Monday, March 22, 2010

Guidance about Kids for the First Time Teachers

Kids today are an entirely different breed than they were just 10 years ago. They foods they eat are different, the songs they sing are different, and the cartoons they watch are different than the cartoons you watched. If you need any sort of convincing, pay close attention to this year's Macy's Thanksgiving Day parade. It used to be the case that you knew all of the giant balloon characters. Timeless classics like Snoopy and Garfield have been replaced by a plethora of characters you might not recognize. Pokemon itself has hundreds of different characters, and even that's not as popular anymore as it once was.

It would be rather naive to think that changes in the cartoons being watched is the most striking difference between kids today and those of older generations. The fact is, 21st century kids have a lot more running through their heads than we did when we were young. Reality, usually of the harsh nature, has found its way into the innocence that used to emanate from young children. Here are a few of the ways that kids today are vastly different from those from just a few generations ago:

Kids know a lot more about sex a lot earlier in life. Today's youths can find anything and everything they want with a few keys pressed on the keyboard. Whatever they want to know, see, or watch is available online. In prior generations there was an informational barrier between things of a pornographic nature and young people. If you weren't old enough to buy it, you couldn't, and you probably didn't know where to go to get it anyway. Now, a mouse-click on the button that says "Yes, I'm over 18." opens up a sexual world to anyone with a computer.
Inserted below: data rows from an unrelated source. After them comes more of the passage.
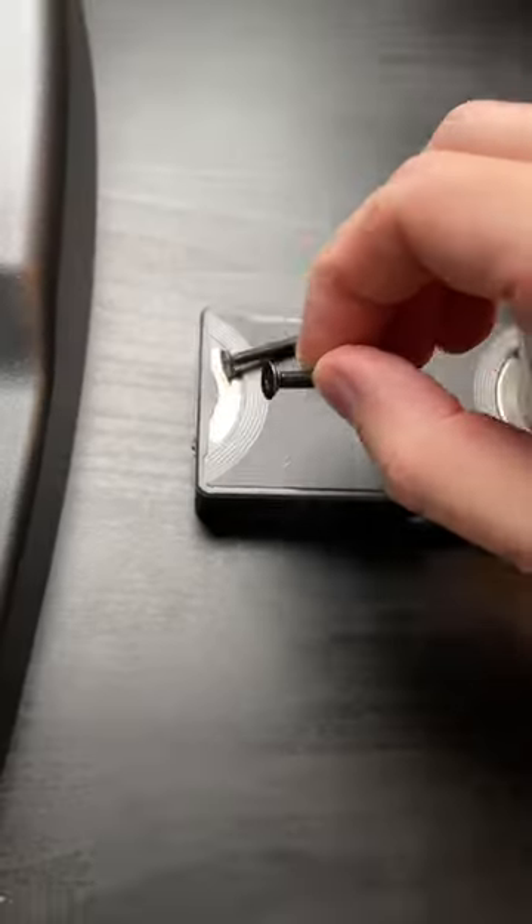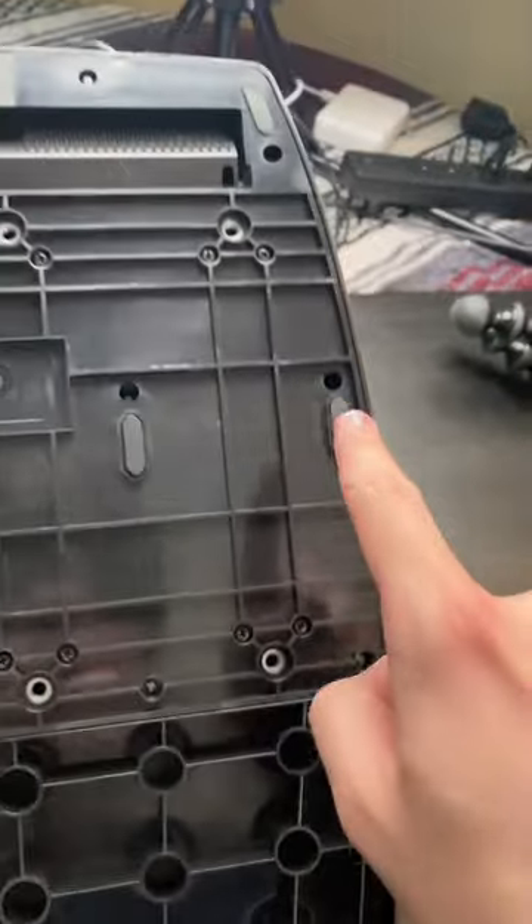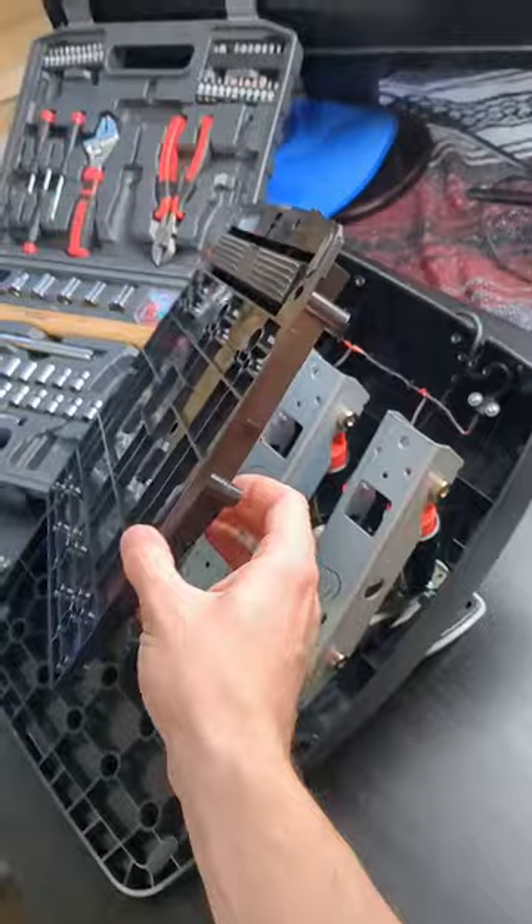First things first, take off the brake pedal, and then find a place for your screws. Next, flip the whole thing over, and any screw you see on this top half, take it out. There are also two screws below the carpet grip — don't miss those. Once they're all out, the plate should pop off pretty easy.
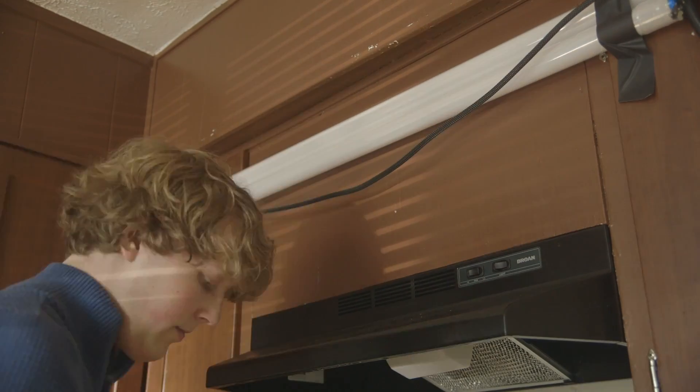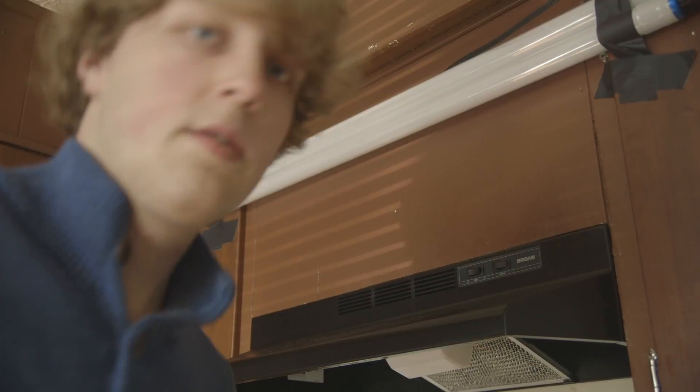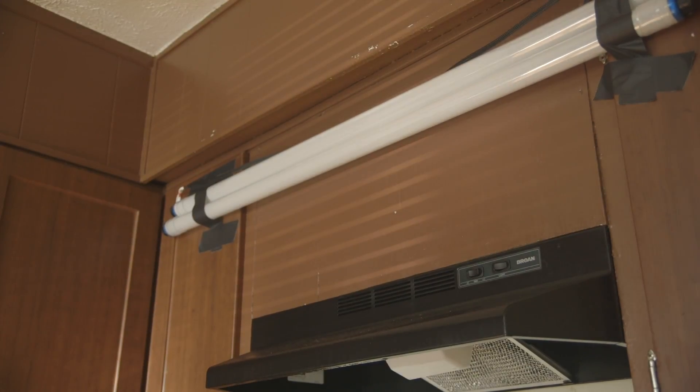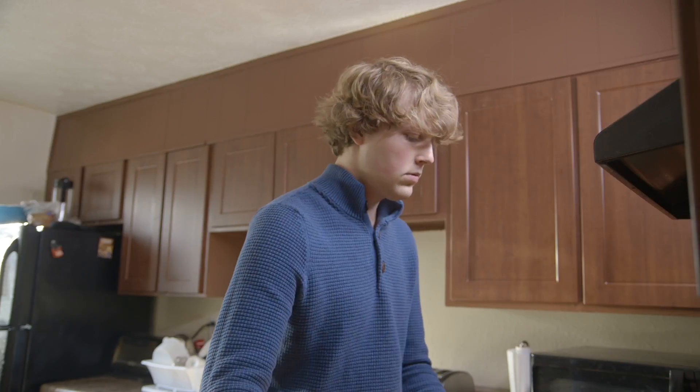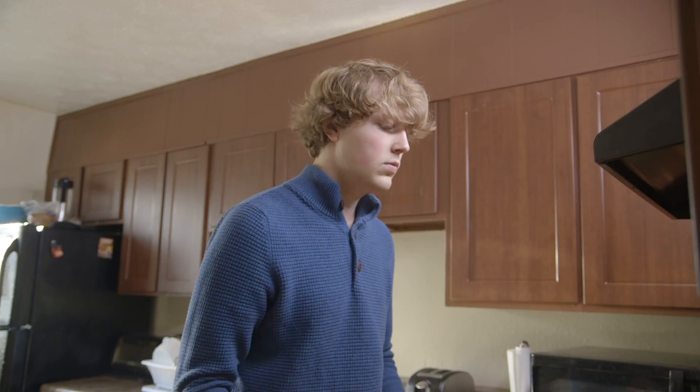Being able to take the bulbs out of the fixture allows you to use just some gap tape to tape them on different surfaces to hide them. This makes it a really flexible light to use on your set.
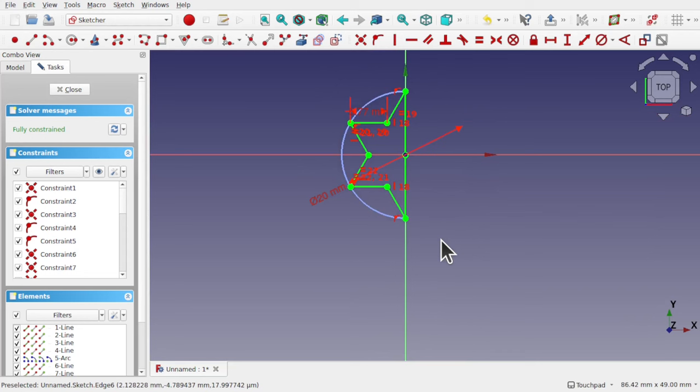As we know, if we've got separate bodies then we create a multi-body object, and part design doesn't allow us to do that. But we can get away with doing this in a single sketch — with one step that will fix this problem.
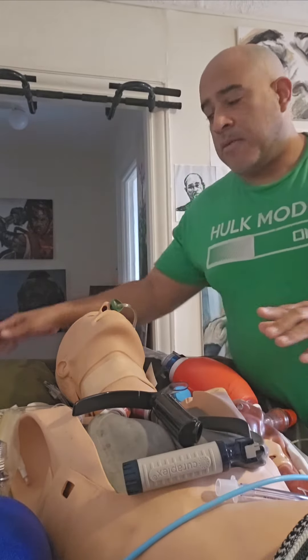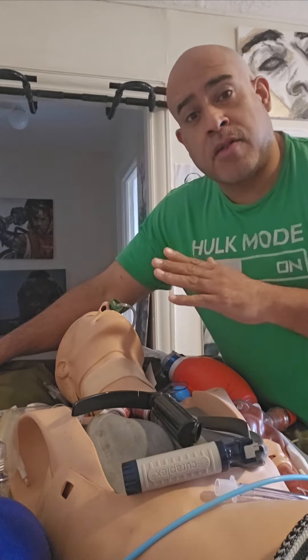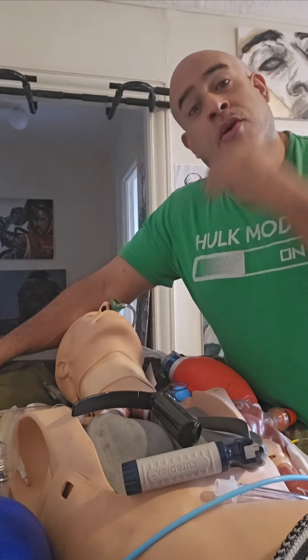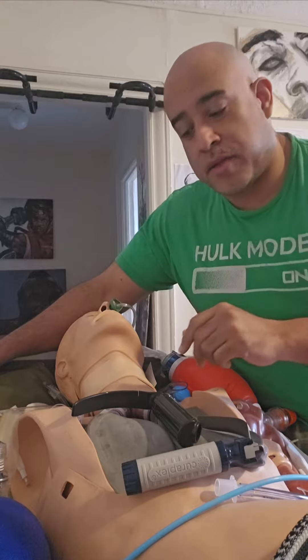I'm going to give you some advice. No matter what your attending tells you, your senior tells you — unless you practice with it in the mannequin, the cadaver, or in the OR, you'll never know what blade is the best blade for you unless you practice with it.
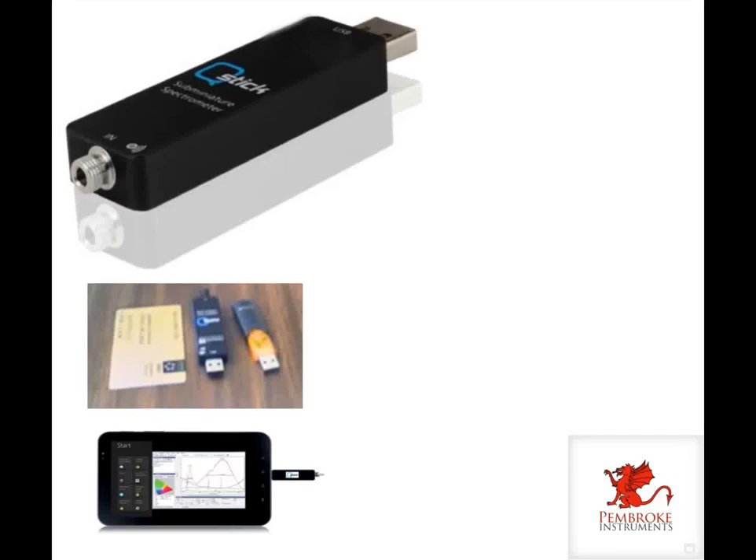Welcome to our video on our new spectroscopy product, the Q-Stick Optical Spectrometer, sold by Pembroke Instruments, San Francisco. Our spectroscopy products are well known for providing very high performance while being very compact and cost effective. In this video, we will provide an introduction to the features of the Q-Stick, followed by a live setup and spectral data acquisition with a multicolored light source.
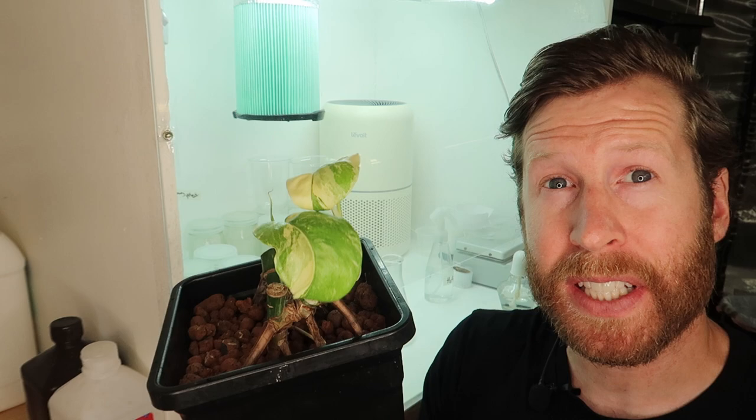Hey everyone, today we're going to do the unthinkable and try and tissue culture Monstera Albo. As some of us know, you are not typically supposed to tissue culture a plant that has chimeric variegation.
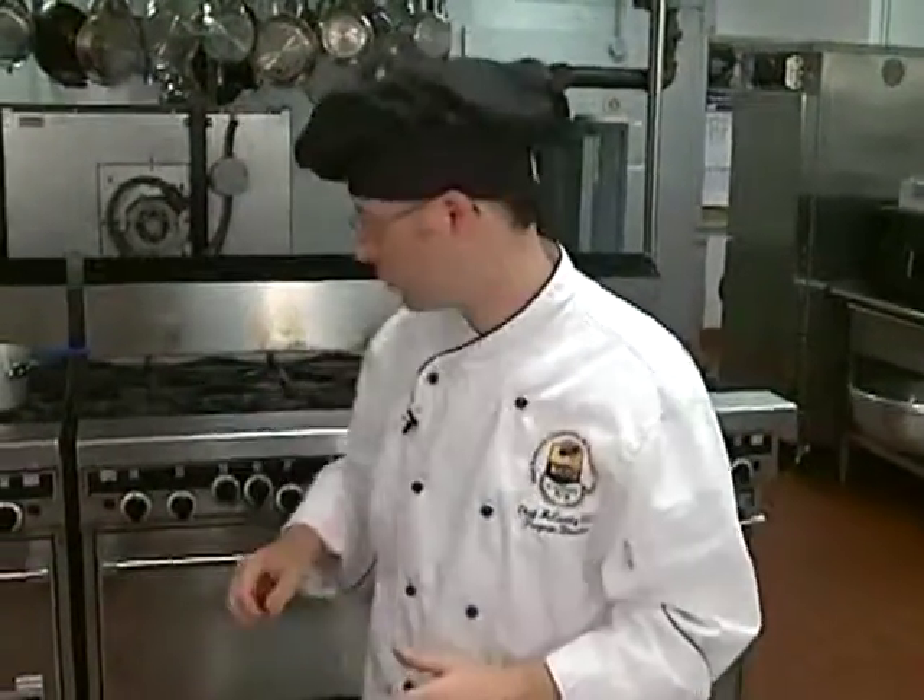Essentially, 375 degrees for about 30 minutes — just until it starts to set up. You'll know that it's done because it won't jiggle, just like when you bake a cake. You want to have a very firm center, and when you touch it, it'll spring back.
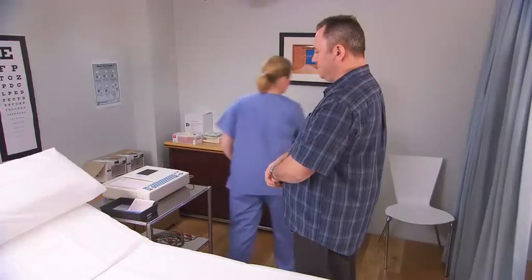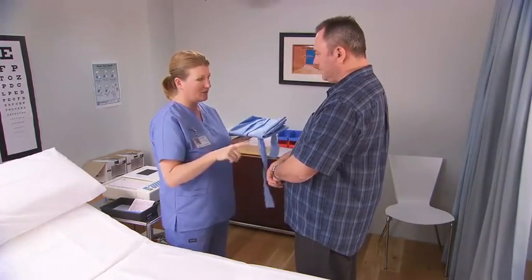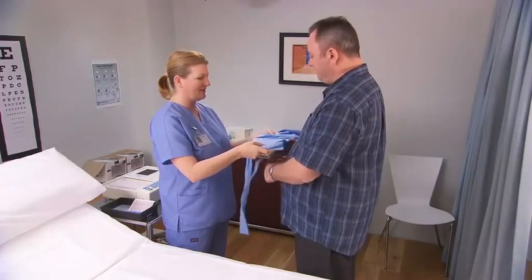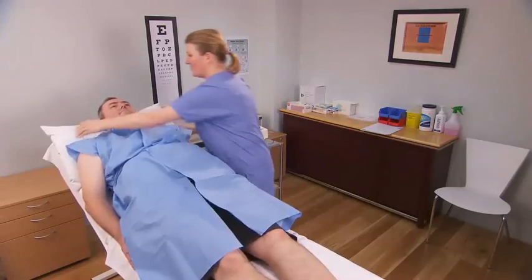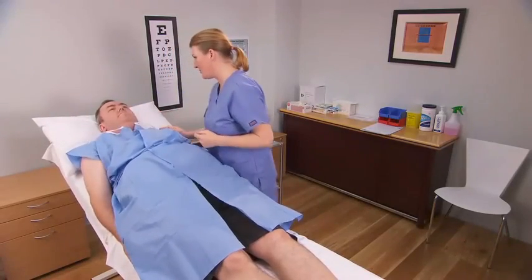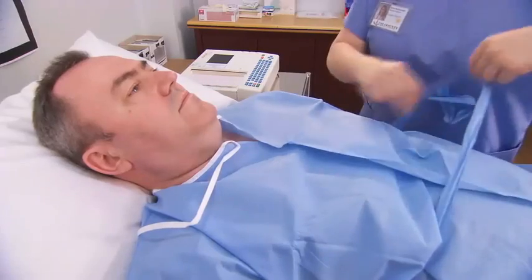Explain the procedure to the patient and obtain verbal consent to proceed. Ask the patient to change into a gown, remove any socks or jewelry, and to turn off any electronic devices including mobile phones. Position the patient semi-recumbent on the examination table using pillows, and give them at least 10 minutes rest time before you start the procedure.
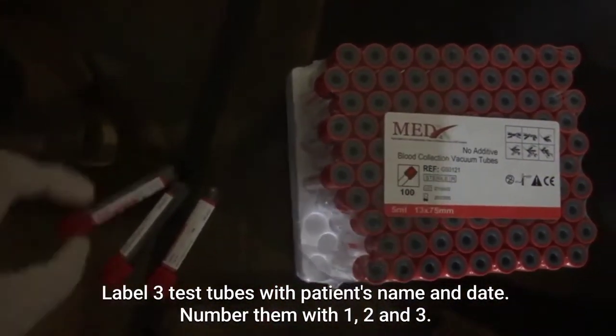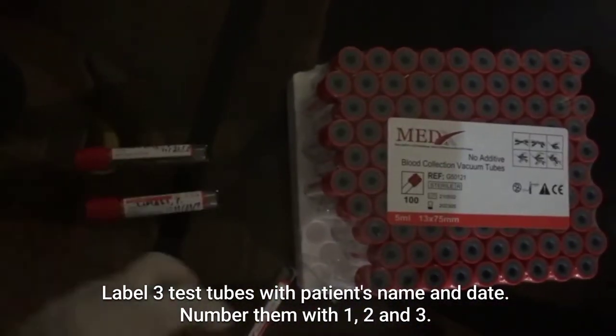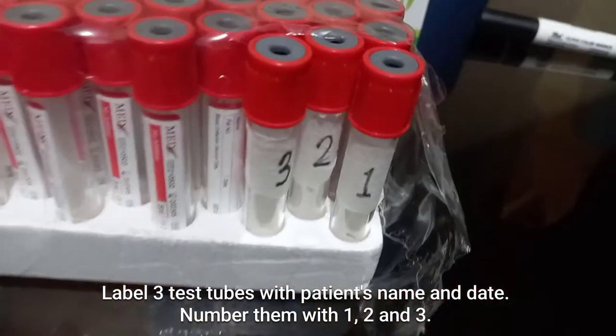Label the three test tubes with the patient's name and date. Number them 1, 2, and 3.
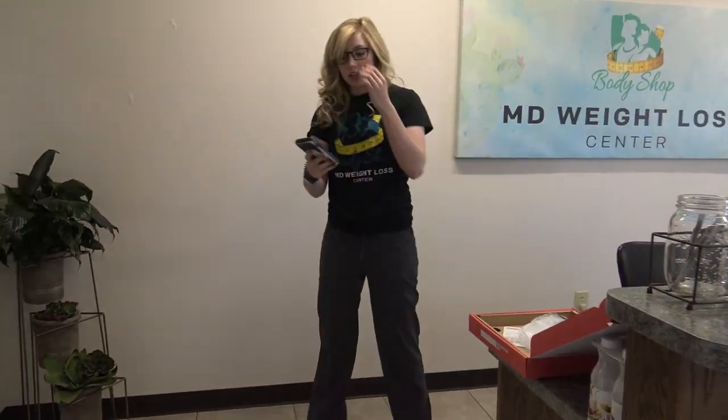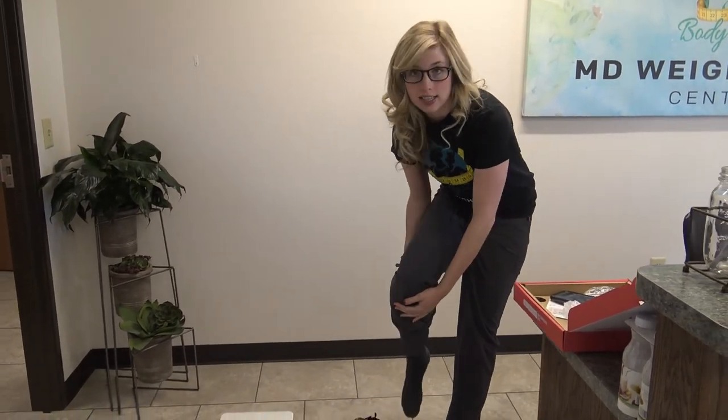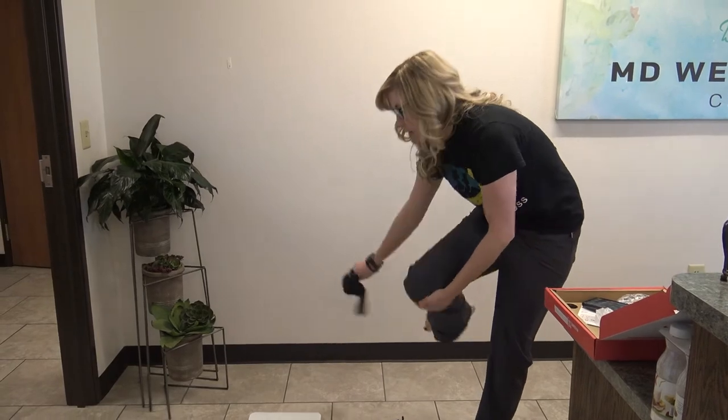Next thing, you're going to grab your phone. You're going to take your shoes and your socks off. It needs that grounding of your feet to be directly against the scale, so don't leave your socks on when you weigh.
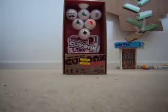Hello, I'm going to be opening the Cuponk ball. It comes with seven of them and five stickers.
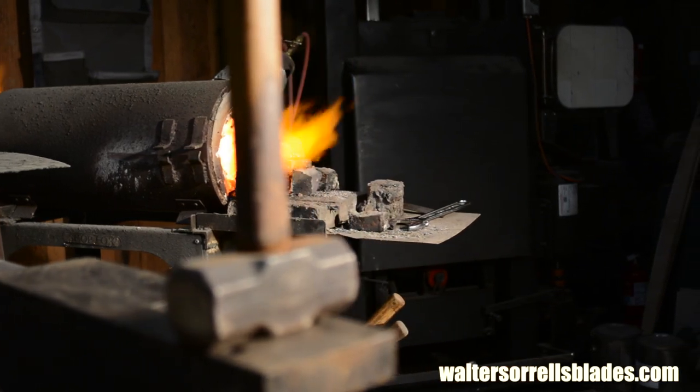Well, that about wraps it up. My next video in this series will cover twist pattern Damascus and maybe some other stuff if I get inspired. Hopefully, it won't take another year before I get around to making it. Thanks again for watching. If you enjoyed this video, please subscribe to my channel and check out my website, waltersorrellsblades.com, where you can find more of my work. You'll also find plenty more videos there that you can't find on YouTube, with very detailed information about all aspects of Japanese blade making. Also, like me on Facebook at Walter Sorrells Blades.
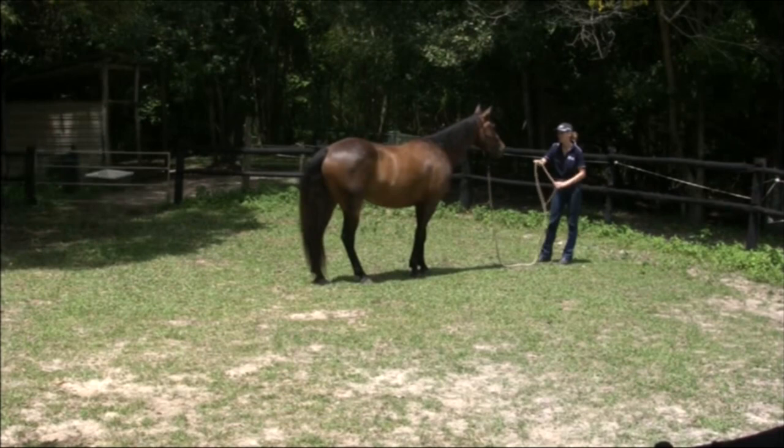The next thing we're going to teach the horse is to back off or go backwards away from us, as you can see Rumbi demonstrating here.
Kids know more about technology than you do. Depending on how old you are computers and the Internet played a larger or smaller role in your life. Today's youths have likely had computers in the home since they were born. For them it is a source of information, entertainment, communication, productivity, and more. They know about software, games, wireless networks and websites that you don't know about. Get over it.

There is a wider gap between good and bad students. It used to be the case that most students wanted to do well, and only a handful didn't care how they did. Today there is more of an equal split between those that want good grades and those that just want to pass. You need to learn to fend off the grade-grubbers and know when to let the unmotivated wallow in their mediocrity.

Kids have lots more emotional baggage than ever before. It's depressing to consider, but histories of abuse, neglect, and rampant indifference leave some students emotionally cut off from the class and from you. It takes time for these students to build trust in you and have success academically. You must be patient.

You already have many roles to play in your student's lives. You have to decide very early on whether you are going to be the teacher that is aware of all of the outside issues that are going on with your students, or if you will turn a blind eye and ear to them and pretend like the only world that exists is the one confined to the school grounds.